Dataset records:
══════════
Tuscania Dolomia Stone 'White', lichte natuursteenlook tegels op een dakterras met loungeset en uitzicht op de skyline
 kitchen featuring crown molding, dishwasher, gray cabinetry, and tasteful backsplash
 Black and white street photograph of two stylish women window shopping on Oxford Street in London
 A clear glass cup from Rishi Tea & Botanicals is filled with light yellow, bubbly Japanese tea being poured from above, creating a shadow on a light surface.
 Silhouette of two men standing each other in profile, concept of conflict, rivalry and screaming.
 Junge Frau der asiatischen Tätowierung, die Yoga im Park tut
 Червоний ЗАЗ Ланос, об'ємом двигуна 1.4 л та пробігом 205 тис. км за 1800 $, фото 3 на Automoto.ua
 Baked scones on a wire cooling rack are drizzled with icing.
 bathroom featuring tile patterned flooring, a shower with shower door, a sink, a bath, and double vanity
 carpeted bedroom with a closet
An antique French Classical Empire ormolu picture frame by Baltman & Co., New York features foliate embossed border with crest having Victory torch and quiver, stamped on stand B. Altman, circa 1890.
══════════
Description of the task: Would you print, exactly as written, every line above from the one holding "Black and white" through the one holding "bathroom featuring tile", with both included and no other lines?

Worked solution:
 Black and white street photograph of two stylish women window shopping on Oxford Street in London
 A clear glass cup from Rishi Tea & Botanicals is filled with light yellow, bubbly Japanese tea being poured from above, creating a shadow on a light surface.
 Silhouette of two men standing each other in profile, concept of conflict, rivalry and screaming.
 Junge Frau der asiatischen Tätowierung, die Yoga im Park tut
 Червоний ЗАЗ Ланос, об'ємом двигуна 1.4 л та пробігом 205 тис. км за 1800 $, фото 3 на Automoto.ua
 Baked scones on a wire cooling rack are drizzled with icing.
 bathroom featuring tile patterned flooring, a shower with shower door, a sink, a bath, and double vanity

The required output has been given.